Begin at the line below that has "Hi friends, three". Stop after the line that has "How's it going", repeating each line exactly and leaving out the pictures.
►
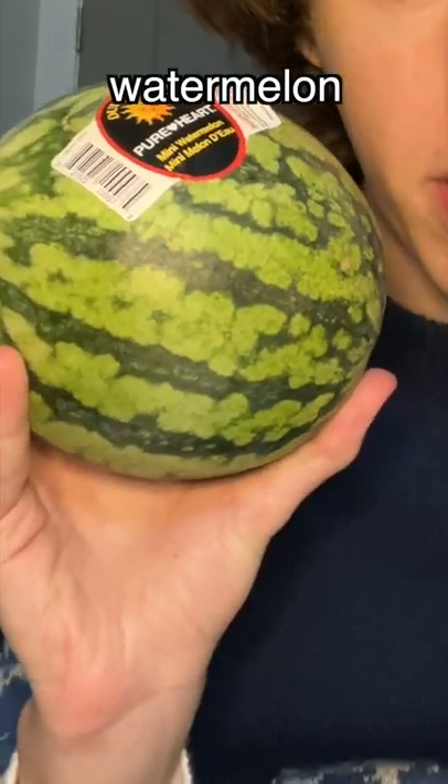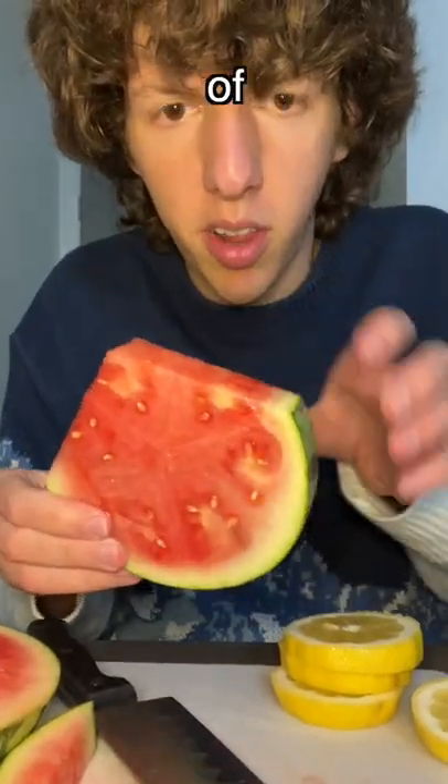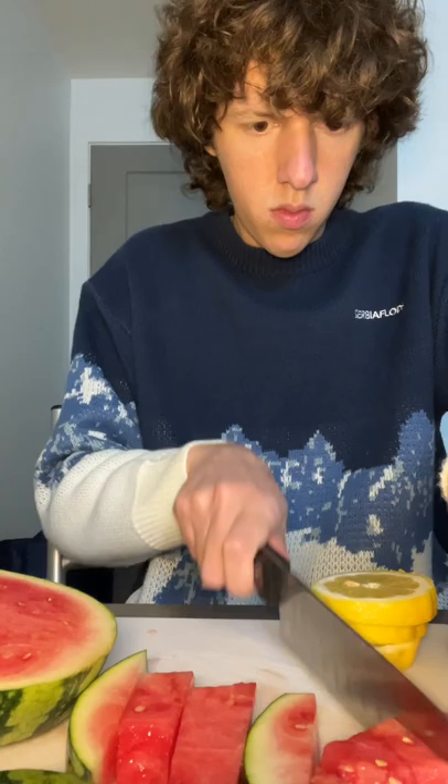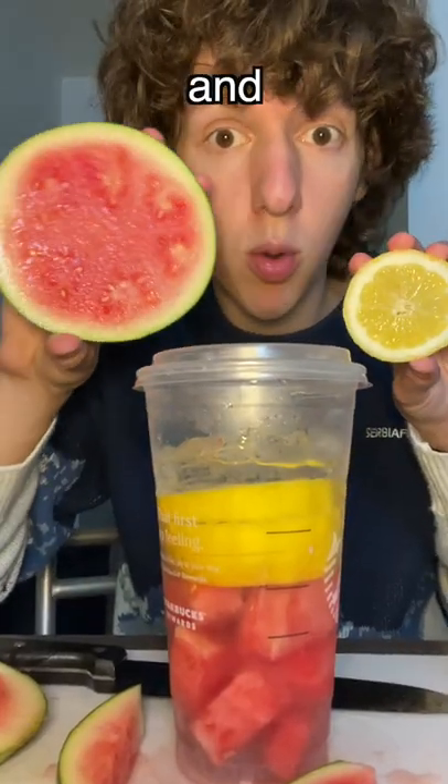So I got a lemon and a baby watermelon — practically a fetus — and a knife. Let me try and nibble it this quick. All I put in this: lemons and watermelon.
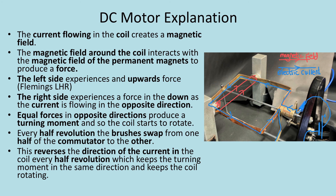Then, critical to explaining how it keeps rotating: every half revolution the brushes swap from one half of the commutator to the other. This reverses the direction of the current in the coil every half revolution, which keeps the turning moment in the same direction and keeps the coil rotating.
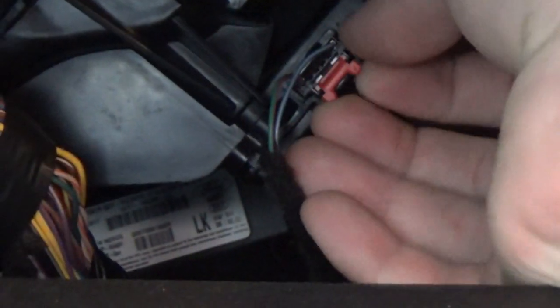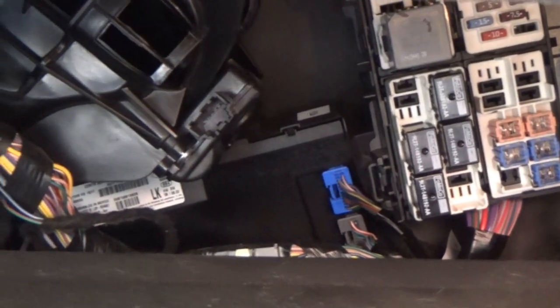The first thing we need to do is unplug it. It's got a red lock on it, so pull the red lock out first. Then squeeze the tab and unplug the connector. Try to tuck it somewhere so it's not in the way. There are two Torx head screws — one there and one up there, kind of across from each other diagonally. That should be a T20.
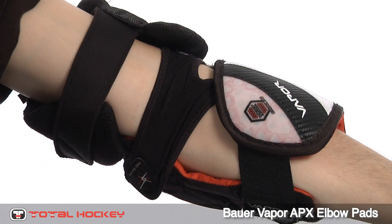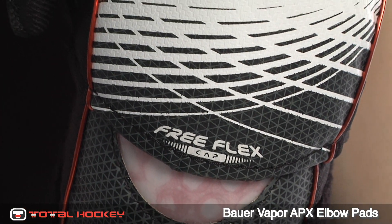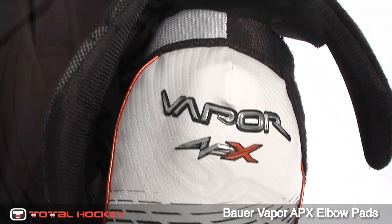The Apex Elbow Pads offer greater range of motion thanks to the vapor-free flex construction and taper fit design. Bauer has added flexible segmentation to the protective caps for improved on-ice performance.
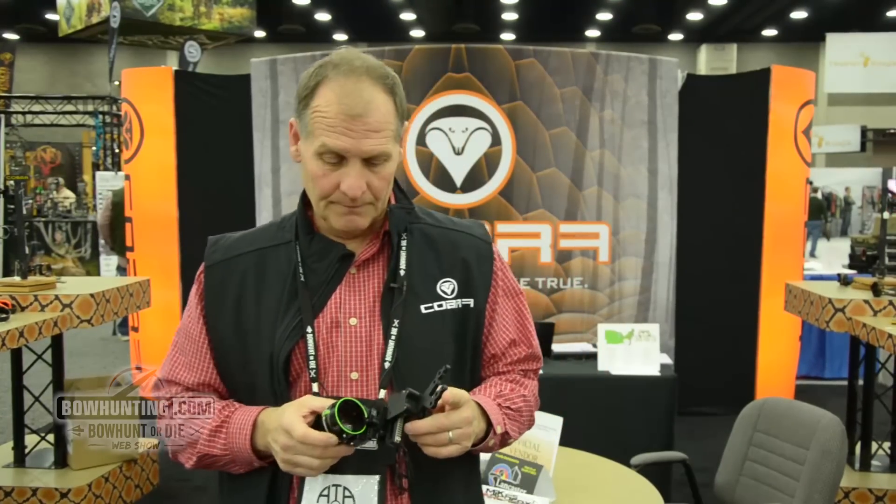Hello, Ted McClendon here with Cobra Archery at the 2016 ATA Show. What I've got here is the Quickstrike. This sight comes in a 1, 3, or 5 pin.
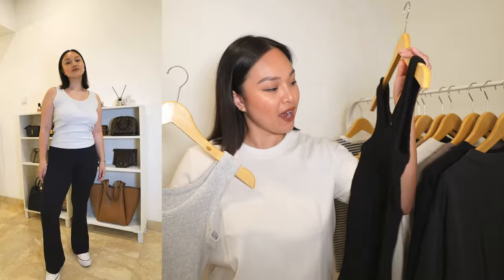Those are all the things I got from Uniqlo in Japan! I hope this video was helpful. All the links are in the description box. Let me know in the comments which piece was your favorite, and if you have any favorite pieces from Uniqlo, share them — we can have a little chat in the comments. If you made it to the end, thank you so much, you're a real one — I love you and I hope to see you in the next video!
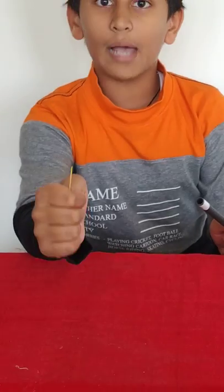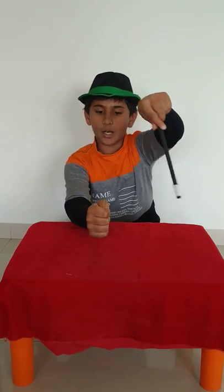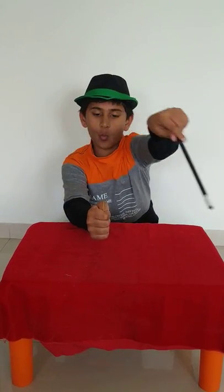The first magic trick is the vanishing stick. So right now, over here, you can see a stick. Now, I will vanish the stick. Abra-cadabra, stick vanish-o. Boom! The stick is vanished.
◄
►
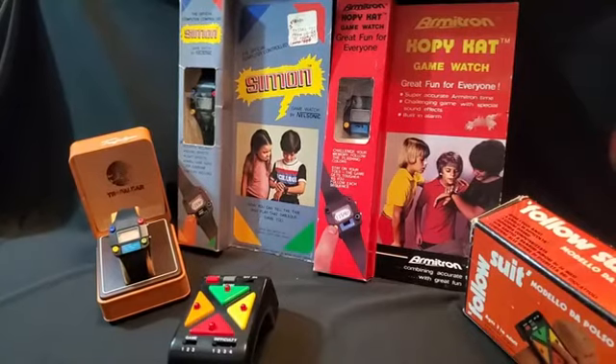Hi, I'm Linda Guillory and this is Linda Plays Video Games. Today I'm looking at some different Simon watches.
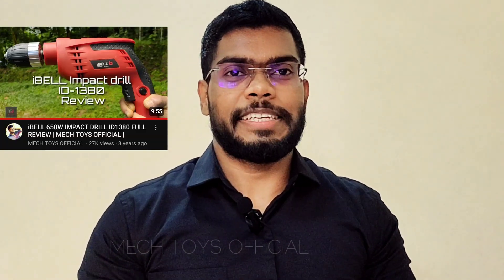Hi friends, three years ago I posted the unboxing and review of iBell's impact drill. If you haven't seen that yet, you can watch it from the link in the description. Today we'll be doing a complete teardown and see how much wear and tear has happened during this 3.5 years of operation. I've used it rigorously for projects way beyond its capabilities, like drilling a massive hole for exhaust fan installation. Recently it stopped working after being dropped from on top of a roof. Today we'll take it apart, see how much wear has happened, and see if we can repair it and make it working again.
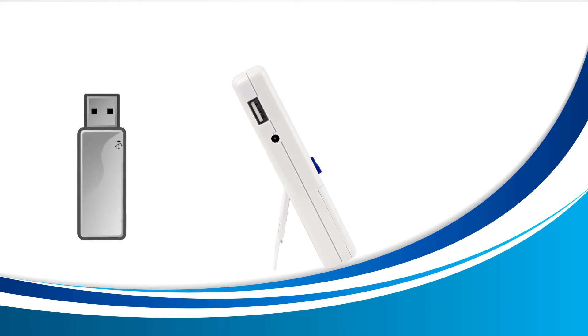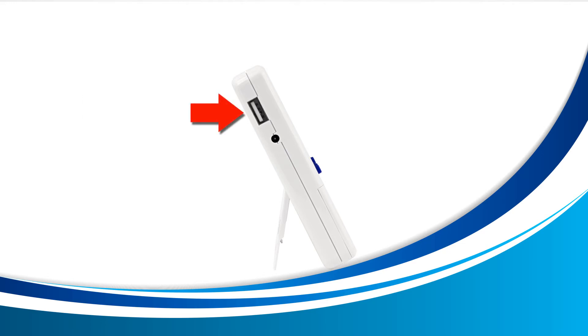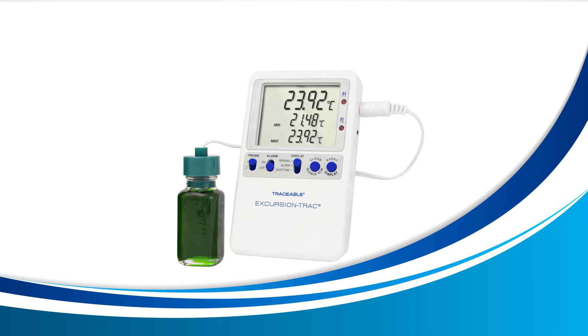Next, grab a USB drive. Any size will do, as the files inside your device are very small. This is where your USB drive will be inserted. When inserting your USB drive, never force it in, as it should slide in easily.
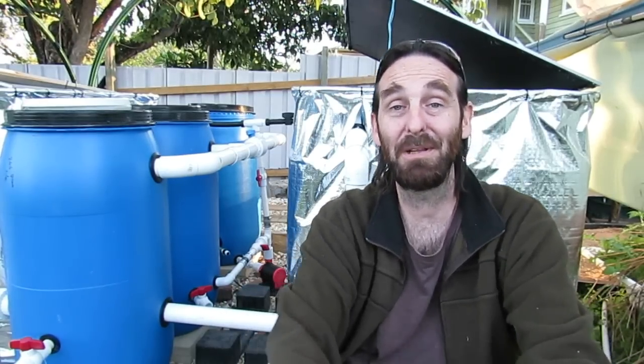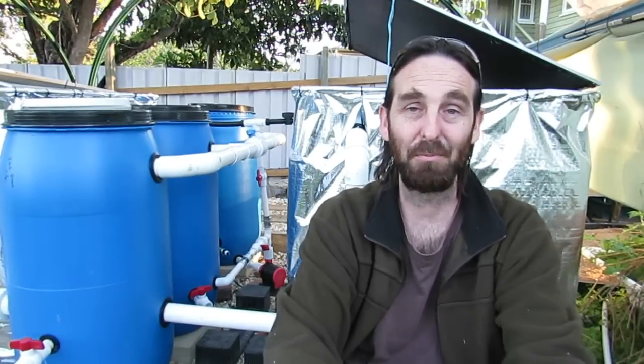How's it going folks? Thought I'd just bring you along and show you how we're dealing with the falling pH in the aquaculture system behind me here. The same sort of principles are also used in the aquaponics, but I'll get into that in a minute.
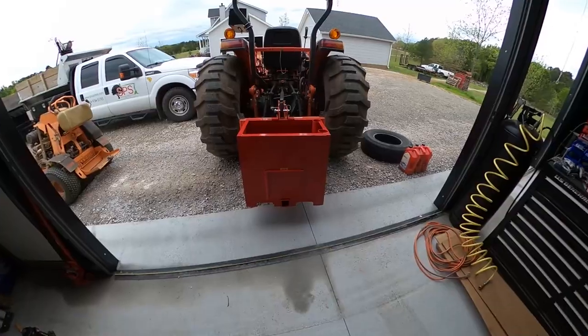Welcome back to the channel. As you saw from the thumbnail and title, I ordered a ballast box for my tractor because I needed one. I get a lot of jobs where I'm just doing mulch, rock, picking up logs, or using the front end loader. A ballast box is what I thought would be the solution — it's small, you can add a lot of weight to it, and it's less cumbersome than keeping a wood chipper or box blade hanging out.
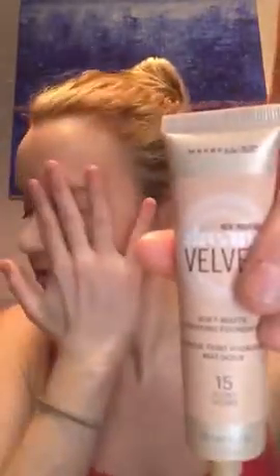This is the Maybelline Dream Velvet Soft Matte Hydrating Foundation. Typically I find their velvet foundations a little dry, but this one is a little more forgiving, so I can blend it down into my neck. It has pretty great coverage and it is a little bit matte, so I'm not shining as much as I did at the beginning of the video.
◄
►
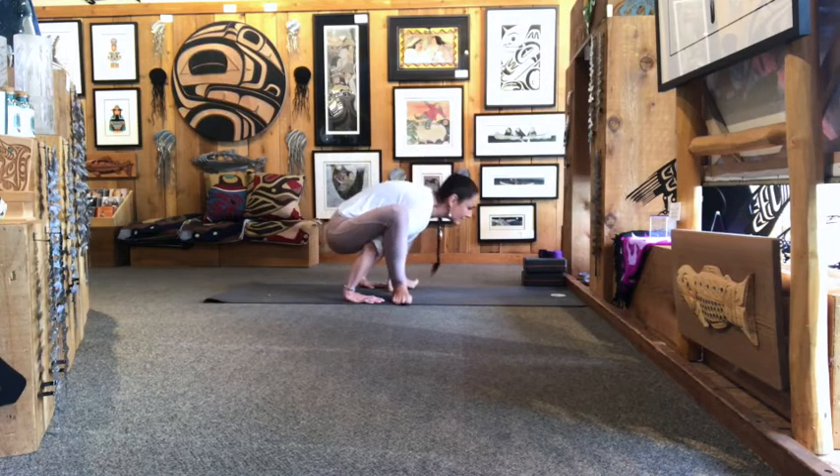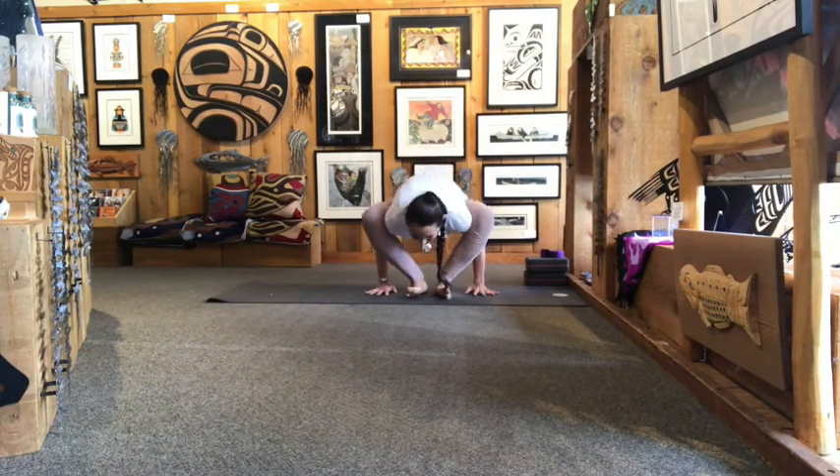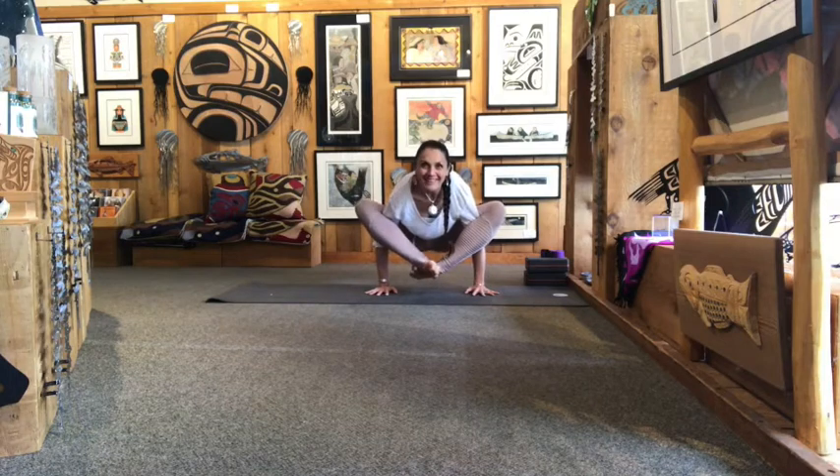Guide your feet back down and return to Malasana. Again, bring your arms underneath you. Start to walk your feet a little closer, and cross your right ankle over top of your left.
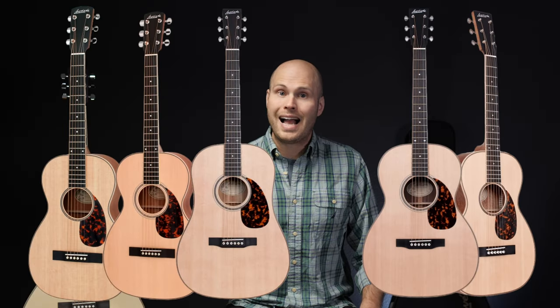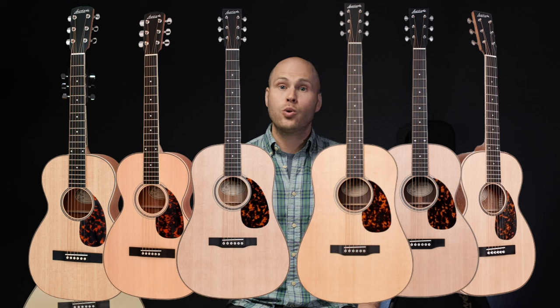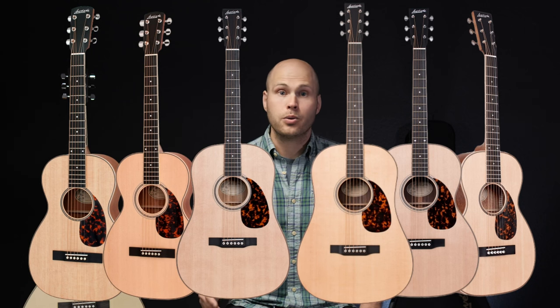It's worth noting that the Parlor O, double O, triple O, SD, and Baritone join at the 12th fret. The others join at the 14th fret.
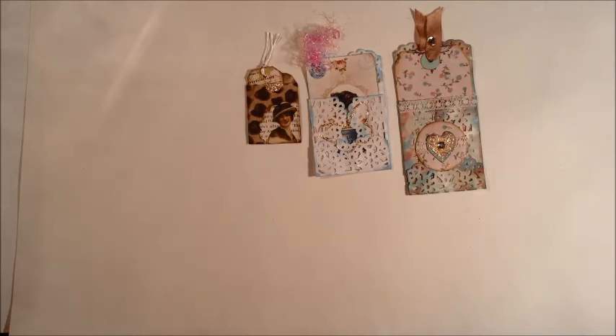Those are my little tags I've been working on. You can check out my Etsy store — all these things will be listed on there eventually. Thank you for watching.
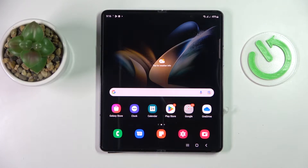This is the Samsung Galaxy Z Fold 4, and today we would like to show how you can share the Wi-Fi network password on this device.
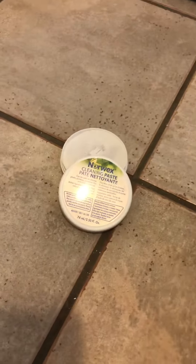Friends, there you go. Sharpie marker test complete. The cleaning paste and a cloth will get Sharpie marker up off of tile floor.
◄
COMPLETED TASK:
Hi friends, three years ago I posted the unboxing and review of iBell's impact drill. If you haven't seen that yet, you can watch it from the link in the description. Today we'll be doing a complete teardown and see how much wear and tear has happened during this 3.5 years of operation. I've used it rigorously for projects way beyond its capabilities, like drilling a massive hole for exhaust fan installation. Recently it stopped working after being dropped from on top of a roof. Today we'll take it apart, see how much wear has happened, and see if we can repair it and make it working again.
Next, grab a USB drive. Any size will do, as the files inside your device are very small. This is where your USB drive will be inserted. When inserting your USB drive, never force it in, as it should slide in easily.
How's it going folks? Thought I'd just bring you along and show you how we're dealing with the falling pH in the aquaculture system behind me here. The same sort of principles are also used in the aquaponics, but I'll get into that in a minute.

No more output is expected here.